Knowing When Not To Hold ‘Em

A wise man once said, “You’ve got to know when to hold ‘em, know when to fold ‘em, know when to walk away, know when to run.” Unfortunately, Kenny Rogers was not consulted in our government’s bank bailout effort, so far as we know.

Earlier this week, Treasury Secretary Timothy Geithner told the Congressional Oversight Panel overseeing the Troubled Asset Relief Program (TARP) that it makes sense to allow some banks to repay TARP money early.

The banks want to get out from under TARP restrictions as quickly as possible, which may seem like a positive sign though some would argue this would delay the return of a healthy credit market. 

And banks are asking to be allowed to pay off loans early and without penalties for an early exit. Try doing that with your mortgage and see what these banks tell you. Banks are asking the government to cut them a big break at the same time such breaks are hard to come by for businesses seeking loans or unemployed homeowners hoping to stave off foreclosure.

Part of their case is that the TARP money comes with lots of strings attached, including strings that were attached after the banks agreed to take the money, such as restrictions on bonuses and other pay imposed after public outrage over the AIG bonuses.

On one hand, it makes sense for the government to deny requests to pay the money back early. The U.S. government gave TARP money out in exchange for equity stakes. Shouldn’t taxpayers get more for their money? If our tax dollars are going to be used to prop up banks, why shouldn’t the public treasury reap the reward like a smart investor?

On the other hand, the government would do better to focus on regulating the TARP program and cracking down on fraud. Holding an equity stake in a bank means the possibility of greater payback, but it also means more risk and oversight. The government didn’t catch egregious bonuses that were allowed in the first version of TARP, are we sure it will be an astute equity investor?
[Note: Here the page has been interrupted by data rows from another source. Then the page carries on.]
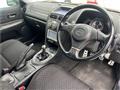 2003 Toyota Altezza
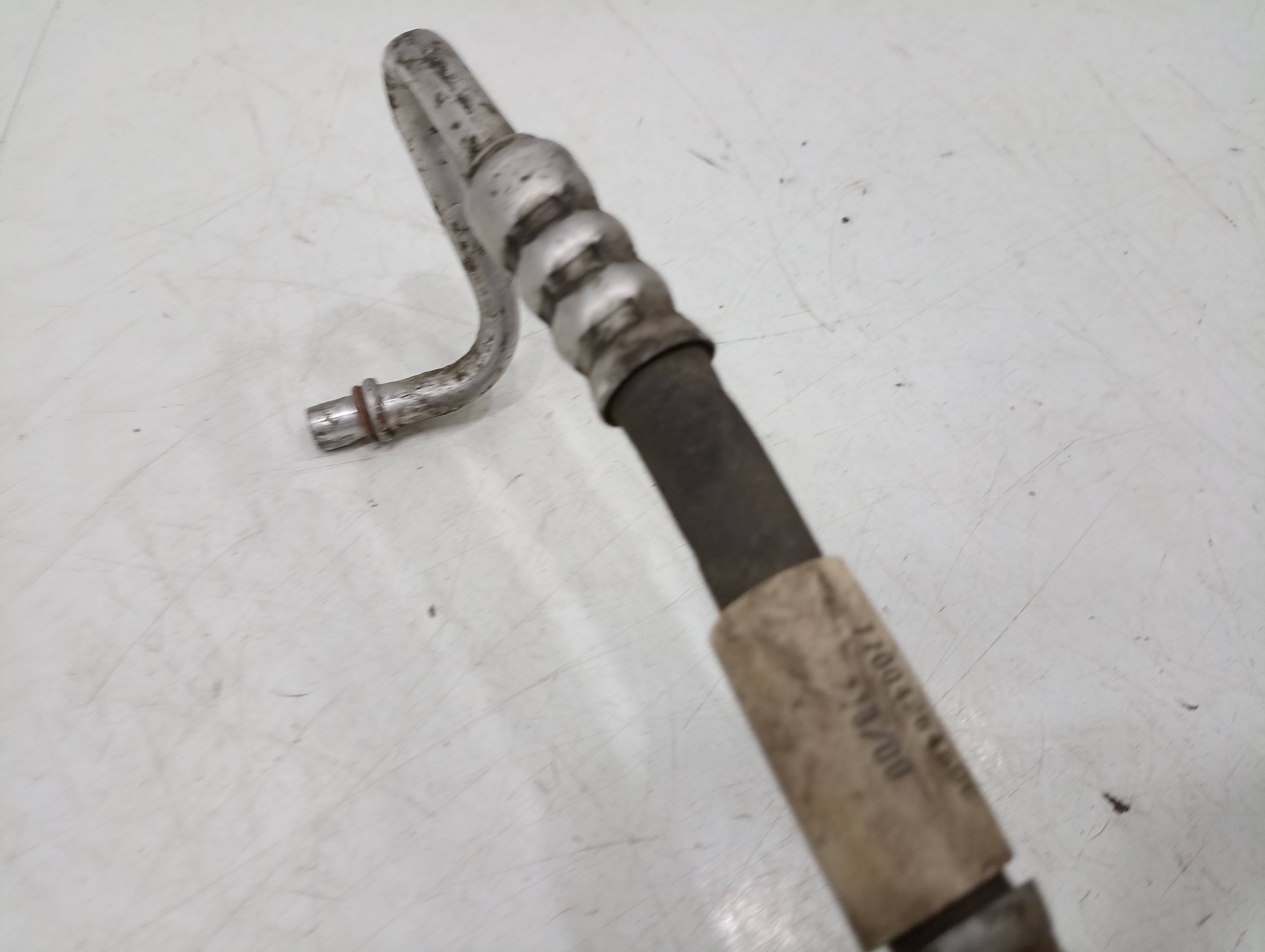 Tubo de Ar Condicionado RENAULT MEGANE I Classic (LA0/1_) | 96 - 08 Imagem-3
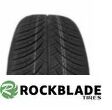 Rockblade Rock A/S ONE 235/55 R18 104V XL, 3PMSF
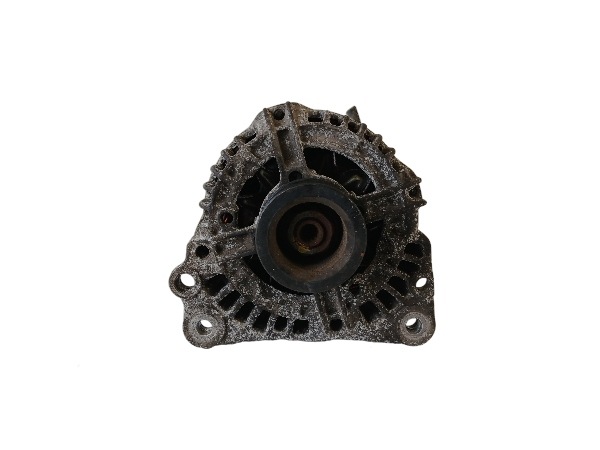 SEAT AROSA VW LUPO 1.0 alternatore 037903025L 70A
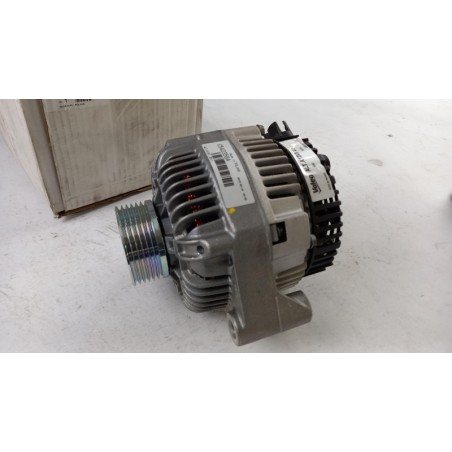 Alternateur PEUGEOT/CITROEN 5705L7 Pièce d'origine oem Alternateur PEUGEOT/CITROEN 5705L7 Pièce d'origine oem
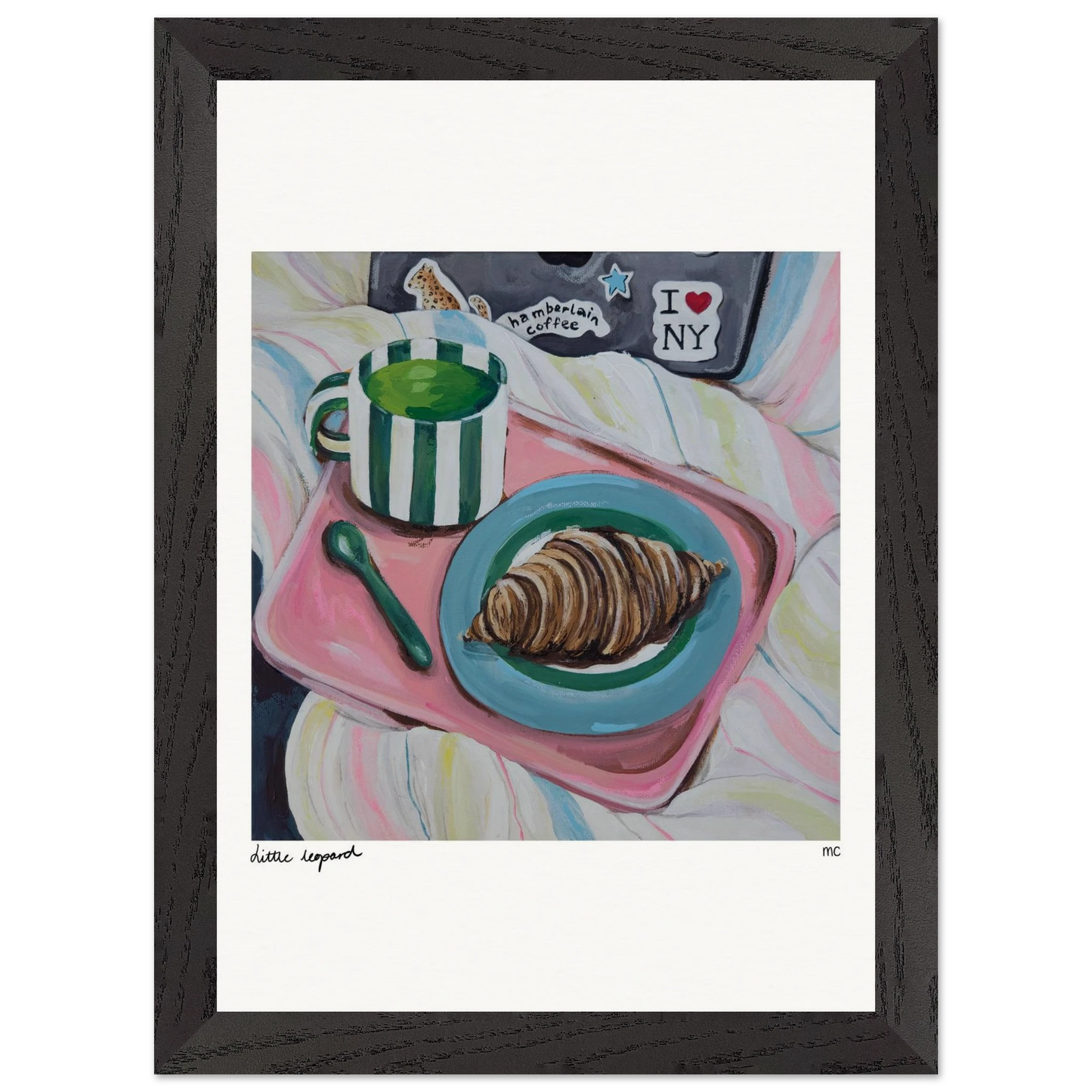 7060efdd-bde1-4aac-be70-a23f0ac374b8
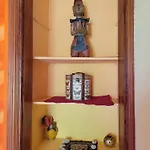 Prázdninový dům Willkommen Im Paradies - Welcome In Paradise - Bienvenidos Al Paraiso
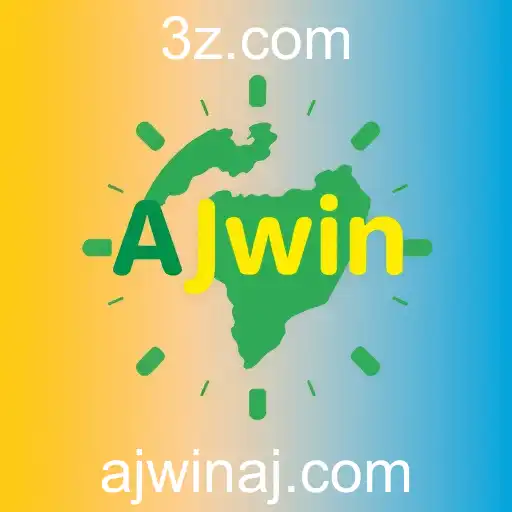 A Evolução dos Jogos Online em 2025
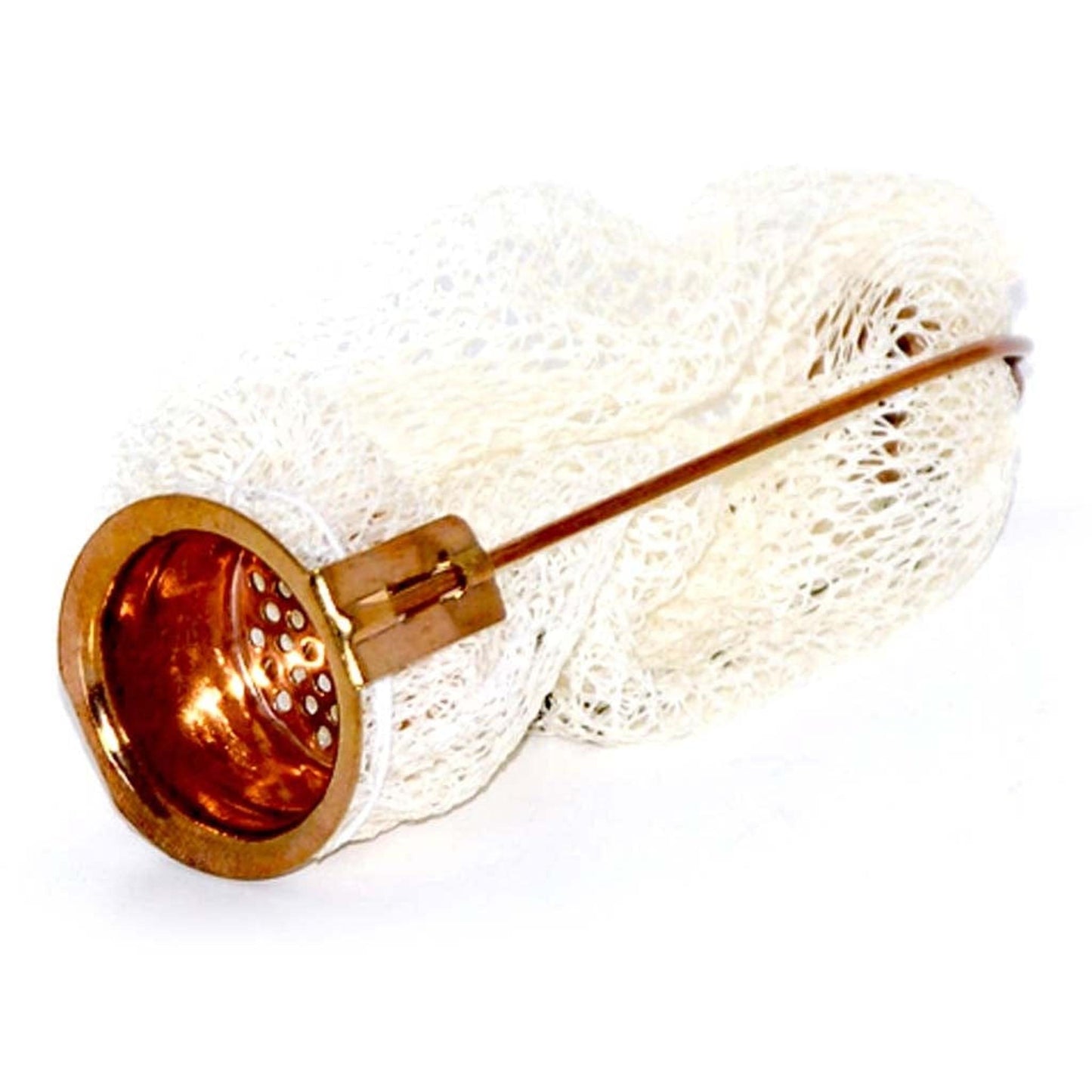 Everglow MTL3 Upright Mantles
Times like these are times to minimize risk. If a bank can safely exit the program, take the money and be glad you got it back. The government can use this opportunity to impose conditions on an early exit from TARP. For example, a bank that exits TARP early can be prohibited from raising its credit card or mortgage interest rates past a certain level over a certain amount of time.

It is bank stability that is the primary goal of TARP, not government investment. The government is better off taking the money now, rather than try to squeeze equity from banks that may stumble later. It’s time to take our money and walk away when we can.